DATA Block Start
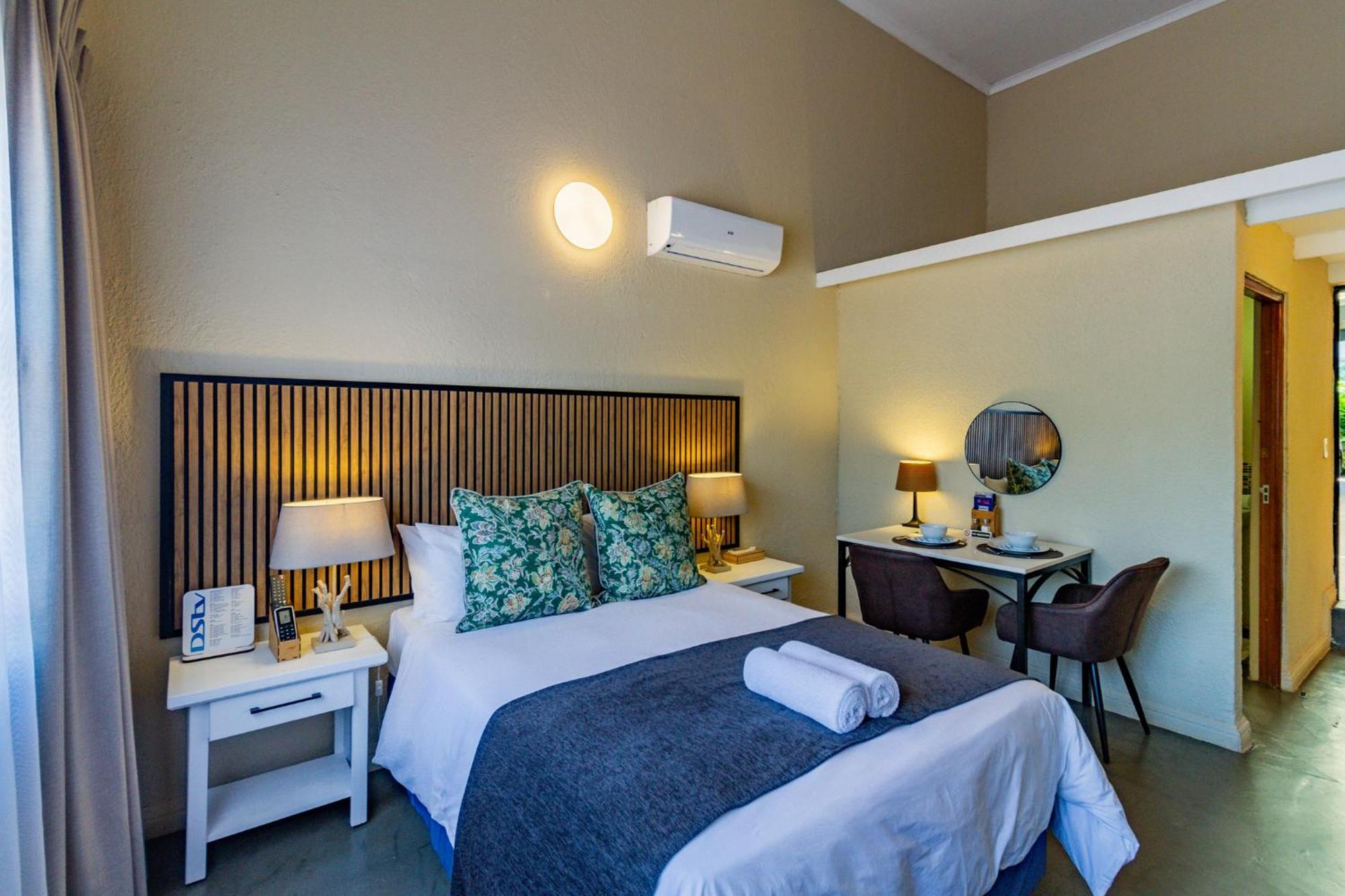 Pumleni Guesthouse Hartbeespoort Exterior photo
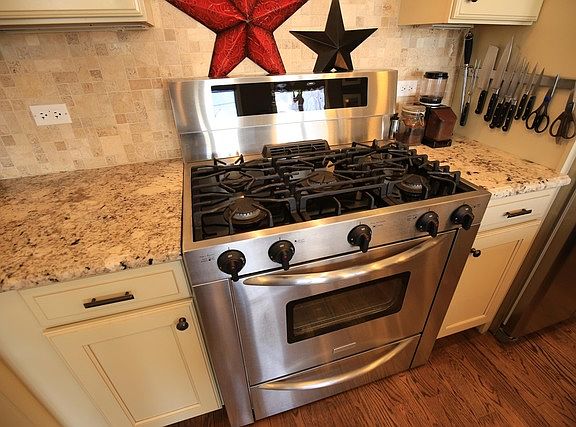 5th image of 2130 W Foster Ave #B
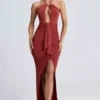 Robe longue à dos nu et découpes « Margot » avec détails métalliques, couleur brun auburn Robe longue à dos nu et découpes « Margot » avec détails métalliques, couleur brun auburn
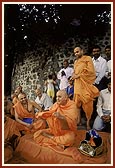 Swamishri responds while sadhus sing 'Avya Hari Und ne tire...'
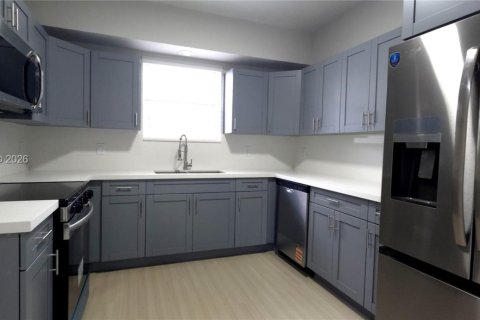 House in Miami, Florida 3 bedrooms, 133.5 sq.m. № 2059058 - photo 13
DATA Block End
## EXERCISE OBJECTIVE
A verbatim printout of the entries above is expected, free of pictures.

## THE COMPLETED TASK
 Pumleni Guesthouse Hartbeespoort Exterior photo
 5th image of 2130 W Foster Ave #B
 Robe longue à dos nu et découpes « Margot » avec détails métalliques, couleur brun auburn Robe longue à dos nu et découpes « Margot » avec détails métalliques, couleur brun auburn
 Swamishri responds while sadhus sing 'Avya Hari Und ne tire...'
 House in Miami, Florida 3 bedrooms, 133.5 sq.m. № 2059058 - photo 13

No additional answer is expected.